> [TASK TO CARRY OUT]:
Scan the lines below for the word "Pink". Copy each line you find it in.

────

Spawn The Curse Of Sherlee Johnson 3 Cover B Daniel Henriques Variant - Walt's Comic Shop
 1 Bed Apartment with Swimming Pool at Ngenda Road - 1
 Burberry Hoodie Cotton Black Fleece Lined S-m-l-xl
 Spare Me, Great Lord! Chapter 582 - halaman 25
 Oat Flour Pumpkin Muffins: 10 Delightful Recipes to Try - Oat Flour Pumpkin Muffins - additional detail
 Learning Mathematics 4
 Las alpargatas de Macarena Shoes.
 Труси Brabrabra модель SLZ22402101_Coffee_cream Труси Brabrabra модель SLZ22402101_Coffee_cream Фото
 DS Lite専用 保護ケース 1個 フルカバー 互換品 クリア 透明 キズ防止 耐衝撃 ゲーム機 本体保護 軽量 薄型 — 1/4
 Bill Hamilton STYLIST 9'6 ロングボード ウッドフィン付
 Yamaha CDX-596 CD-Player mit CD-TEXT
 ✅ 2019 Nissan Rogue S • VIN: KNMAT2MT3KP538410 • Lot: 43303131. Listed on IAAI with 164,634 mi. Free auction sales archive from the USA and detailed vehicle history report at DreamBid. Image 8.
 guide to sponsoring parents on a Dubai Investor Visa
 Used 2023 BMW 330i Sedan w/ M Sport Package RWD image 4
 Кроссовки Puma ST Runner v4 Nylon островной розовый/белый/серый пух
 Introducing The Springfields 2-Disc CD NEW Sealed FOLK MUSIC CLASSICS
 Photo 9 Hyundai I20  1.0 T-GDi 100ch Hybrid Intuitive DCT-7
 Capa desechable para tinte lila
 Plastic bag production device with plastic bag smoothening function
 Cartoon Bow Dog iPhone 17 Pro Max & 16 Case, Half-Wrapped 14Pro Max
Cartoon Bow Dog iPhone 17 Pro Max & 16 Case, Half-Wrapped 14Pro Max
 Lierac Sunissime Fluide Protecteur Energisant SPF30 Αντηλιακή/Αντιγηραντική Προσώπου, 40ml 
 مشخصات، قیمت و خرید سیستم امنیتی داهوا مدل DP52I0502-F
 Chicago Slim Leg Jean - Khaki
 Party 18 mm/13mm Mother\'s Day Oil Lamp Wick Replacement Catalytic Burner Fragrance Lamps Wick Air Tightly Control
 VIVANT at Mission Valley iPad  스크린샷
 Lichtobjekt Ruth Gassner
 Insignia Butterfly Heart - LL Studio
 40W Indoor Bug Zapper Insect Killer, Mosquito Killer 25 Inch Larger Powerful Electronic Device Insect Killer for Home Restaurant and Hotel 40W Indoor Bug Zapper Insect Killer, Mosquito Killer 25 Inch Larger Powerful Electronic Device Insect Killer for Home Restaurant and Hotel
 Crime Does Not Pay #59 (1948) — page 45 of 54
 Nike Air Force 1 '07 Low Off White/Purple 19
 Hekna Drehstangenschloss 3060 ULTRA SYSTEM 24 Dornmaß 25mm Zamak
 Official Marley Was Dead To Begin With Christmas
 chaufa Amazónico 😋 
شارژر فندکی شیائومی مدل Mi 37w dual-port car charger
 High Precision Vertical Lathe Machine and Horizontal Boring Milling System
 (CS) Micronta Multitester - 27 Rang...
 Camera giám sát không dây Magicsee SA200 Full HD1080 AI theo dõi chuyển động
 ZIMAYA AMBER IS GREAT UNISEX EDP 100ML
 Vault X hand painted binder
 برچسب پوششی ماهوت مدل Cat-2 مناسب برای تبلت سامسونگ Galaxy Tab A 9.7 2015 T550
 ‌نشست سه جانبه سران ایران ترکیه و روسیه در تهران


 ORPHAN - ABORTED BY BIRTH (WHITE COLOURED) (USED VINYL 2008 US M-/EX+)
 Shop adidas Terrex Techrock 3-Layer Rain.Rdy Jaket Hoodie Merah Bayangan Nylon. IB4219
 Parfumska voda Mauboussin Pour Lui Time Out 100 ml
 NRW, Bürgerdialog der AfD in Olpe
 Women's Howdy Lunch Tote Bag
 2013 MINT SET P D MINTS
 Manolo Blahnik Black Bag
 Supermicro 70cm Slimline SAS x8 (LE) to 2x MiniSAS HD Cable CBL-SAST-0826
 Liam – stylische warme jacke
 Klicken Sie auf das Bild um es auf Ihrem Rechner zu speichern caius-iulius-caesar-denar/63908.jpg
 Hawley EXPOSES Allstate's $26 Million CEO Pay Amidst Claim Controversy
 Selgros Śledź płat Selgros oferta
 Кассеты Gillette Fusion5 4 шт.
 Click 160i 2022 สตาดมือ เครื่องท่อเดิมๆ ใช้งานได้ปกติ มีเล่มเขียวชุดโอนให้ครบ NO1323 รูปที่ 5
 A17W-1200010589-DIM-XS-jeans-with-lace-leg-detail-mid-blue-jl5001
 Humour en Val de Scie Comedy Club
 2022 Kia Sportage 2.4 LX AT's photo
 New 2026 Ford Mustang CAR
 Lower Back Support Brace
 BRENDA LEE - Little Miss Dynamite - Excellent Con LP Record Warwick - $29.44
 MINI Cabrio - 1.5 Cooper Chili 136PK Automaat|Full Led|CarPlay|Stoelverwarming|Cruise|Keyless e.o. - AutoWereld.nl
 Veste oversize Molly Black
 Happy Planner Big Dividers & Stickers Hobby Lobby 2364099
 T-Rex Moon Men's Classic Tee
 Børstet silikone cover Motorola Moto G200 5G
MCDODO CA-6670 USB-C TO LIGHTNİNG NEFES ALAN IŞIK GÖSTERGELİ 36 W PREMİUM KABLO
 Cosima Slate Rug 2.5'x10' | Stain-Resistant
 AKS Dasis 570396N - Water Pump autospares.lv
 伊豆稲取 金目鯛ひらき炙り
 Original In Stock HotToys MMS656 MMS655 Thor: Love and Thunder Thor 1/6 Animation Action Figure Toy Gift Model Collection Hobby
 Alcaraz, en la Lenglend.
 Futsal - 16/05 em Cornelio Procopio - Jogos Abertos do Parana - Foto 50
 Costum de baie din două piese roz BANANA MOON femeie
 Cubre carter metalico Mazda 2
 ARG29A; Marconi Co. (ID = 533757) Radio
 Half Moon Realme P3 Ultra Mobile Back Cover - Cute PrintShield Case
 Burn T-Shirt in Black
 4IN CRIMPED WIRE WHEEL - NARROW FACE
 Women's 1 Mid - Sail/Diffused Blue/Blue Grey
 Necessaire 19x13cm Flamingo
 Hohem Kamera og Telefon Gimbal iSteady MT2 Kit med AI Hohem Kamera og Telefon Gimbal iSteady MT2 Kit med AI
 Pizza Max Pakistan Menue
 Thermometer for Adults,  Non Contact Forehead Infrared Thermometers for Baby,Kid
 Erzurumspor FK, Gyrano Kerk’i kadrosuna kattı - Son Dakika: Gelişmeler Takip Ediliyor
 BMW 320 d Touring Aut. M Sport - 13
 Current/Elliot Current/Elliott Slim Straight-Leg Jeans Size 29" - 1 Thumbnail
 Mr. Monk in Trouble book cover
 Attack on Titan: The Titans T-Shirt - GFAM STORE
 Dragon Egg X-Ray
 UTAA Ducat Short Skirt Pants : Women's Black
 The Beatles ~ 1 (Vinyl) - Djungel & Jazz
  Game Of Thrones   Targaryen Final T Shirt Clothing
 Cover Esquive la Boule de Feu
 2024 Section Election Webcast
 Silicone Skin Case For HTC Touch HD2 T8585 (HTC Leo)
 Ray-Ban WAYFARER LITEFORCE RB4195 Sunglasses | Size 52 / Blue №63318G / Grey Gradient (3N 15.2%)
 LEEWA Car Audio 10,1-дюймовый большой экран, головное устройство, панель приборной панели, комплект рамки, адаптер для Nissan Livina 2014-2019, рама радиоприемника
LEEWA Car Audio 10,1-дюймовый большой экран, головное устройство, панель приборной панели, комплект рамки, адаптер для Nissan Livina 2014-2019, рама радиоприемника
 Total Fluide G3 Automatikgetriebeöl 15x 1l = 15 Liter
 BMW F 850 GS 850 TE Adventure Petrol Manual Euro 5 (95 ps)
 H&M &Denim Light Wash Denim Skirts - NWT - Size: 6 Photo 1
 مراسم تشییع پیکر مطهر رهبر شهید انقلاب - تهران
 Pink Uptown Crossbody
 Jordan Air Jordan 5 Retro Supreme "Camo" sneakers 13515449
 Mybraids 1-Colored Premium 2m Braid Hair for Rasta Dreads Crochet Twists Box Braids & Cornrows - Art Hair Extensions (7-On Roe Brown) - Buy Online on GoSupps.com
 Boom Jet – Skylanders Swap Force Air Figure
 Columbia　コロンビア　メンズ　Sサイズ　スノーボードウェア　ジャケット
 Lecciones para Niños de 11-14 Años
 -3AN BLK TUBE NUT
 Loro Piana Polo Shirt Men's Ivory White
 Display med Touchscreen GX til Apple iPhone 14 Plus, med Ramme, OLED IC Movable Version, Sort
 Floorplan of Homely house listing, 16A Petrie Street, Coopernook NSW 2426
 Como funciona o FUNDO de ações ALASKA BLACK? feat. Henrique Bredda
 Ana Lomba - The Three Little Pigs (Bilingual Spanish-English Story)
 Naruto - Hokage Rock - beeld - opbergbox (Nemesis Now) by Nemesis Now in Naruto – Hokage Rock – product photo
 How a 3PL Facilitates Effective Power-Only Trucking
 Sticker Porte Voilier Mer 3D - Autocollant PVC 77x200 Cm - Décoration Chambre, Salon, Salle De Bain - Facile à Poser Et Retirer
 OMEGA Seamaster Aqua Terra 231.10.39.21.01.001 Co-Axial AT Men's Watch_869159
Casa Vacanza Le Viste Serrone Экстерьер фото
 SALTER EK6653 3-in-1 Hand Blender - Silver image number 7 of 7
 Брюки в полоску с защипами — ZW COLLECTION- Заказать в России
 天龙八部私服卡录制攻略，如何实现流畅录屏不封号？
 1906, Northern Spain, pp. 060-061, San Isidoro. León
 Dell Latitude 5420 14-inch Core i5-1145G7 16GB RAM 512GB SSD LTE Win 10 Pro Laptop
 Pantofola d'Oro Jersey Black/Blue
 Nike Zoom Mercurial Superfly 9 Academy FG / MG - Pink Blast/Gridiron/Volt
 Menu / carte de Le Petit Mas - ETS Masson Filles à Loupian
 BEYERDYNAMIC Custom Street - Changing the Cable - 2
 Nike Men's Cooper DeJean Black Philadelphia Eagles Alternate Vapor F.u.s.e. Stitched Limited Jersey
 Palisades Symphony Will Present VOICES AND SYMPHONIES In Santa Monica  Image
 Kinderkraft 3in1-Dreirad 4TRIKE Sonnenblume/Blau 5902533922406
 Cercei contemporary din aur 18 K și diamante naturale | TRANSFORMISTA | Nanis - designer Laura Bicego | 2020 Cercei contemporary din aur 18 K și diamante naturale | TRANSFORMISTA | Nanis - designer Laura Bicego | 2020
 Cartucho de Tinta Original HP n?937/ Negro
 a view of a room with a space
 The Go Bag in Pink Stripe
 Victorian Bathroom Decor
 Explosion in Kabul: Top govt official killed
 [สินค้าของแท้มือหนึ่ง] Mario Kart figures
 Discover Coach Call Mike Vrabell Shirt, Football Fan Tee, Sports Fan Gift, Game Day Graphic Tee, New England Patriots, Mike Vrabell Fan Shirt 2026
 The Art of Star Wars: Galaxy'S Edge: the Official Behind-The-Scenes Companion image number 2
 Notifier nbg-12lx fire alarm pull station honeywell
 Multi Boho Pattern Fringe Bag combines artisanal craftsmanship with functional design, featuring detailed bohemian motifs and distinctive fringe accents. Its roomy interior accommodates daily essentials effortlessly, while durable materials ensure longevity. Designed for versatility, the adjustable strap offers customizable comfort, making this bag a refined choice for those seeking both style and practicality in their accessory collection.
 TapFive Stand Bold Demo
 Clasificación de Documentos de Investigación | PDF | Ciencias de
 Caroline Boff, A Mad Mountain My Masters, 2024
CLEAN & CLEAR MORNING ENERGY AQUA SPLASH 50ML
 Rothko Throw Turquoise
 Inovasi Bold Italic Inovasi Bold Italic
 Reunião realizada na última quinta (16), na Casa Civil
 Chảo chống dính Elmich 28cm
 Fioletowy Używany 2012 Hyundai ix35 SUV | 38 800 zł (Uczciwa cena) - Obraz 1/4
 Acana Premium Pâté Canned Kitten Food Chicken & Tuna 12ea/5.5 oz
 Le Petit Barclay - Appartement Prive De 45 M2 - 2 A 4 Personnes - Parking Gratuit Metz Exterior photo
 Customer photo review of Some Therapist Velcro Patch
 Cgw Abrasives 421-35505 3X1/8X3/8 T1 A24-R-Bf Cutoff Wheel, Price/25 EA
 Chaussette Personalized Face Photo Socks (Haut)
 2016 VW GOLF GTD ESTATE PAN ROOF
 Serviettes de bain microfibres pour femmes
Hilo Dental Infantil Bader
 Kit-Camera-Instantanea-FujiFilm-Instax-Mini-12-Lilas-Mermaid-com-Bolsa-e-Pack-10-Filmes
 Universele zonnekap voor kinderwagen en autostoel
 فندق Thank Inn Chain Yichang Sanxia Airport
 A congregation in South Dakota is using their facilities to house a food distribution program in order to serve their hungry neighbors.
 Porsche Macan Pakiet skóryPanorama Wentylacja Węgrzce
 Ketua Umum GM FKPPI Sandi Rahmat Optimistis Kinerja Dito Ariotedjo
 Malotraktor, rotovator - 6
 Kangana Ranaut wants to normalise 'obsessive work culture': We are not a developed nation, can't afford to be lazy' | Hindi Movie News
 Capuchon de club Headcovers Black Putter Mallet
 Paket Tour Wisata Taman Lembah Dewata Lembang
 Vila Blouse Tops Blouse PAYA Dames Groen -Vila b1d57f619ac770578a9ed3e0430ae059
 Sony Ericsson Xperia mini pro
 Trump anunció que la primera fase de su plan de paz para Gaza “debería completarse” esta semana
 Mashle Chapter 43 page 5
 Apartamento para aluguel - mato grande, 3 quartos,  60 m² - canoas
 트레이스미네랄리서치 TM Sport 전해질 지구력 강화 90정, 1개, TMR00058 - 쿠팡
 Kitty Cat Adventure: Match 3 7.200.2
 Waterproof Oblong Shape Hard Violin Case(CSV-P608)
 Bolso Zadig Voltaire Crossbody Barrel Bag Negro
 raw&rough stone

────

> [TASK RESULT]:
 Pink Uptown Crossbody
 Nike Zoom Mercurial Superfly 9 Academy FG / MG - Pink Blast/Gridiron/Volt
 The Go Bag in Pink Stripe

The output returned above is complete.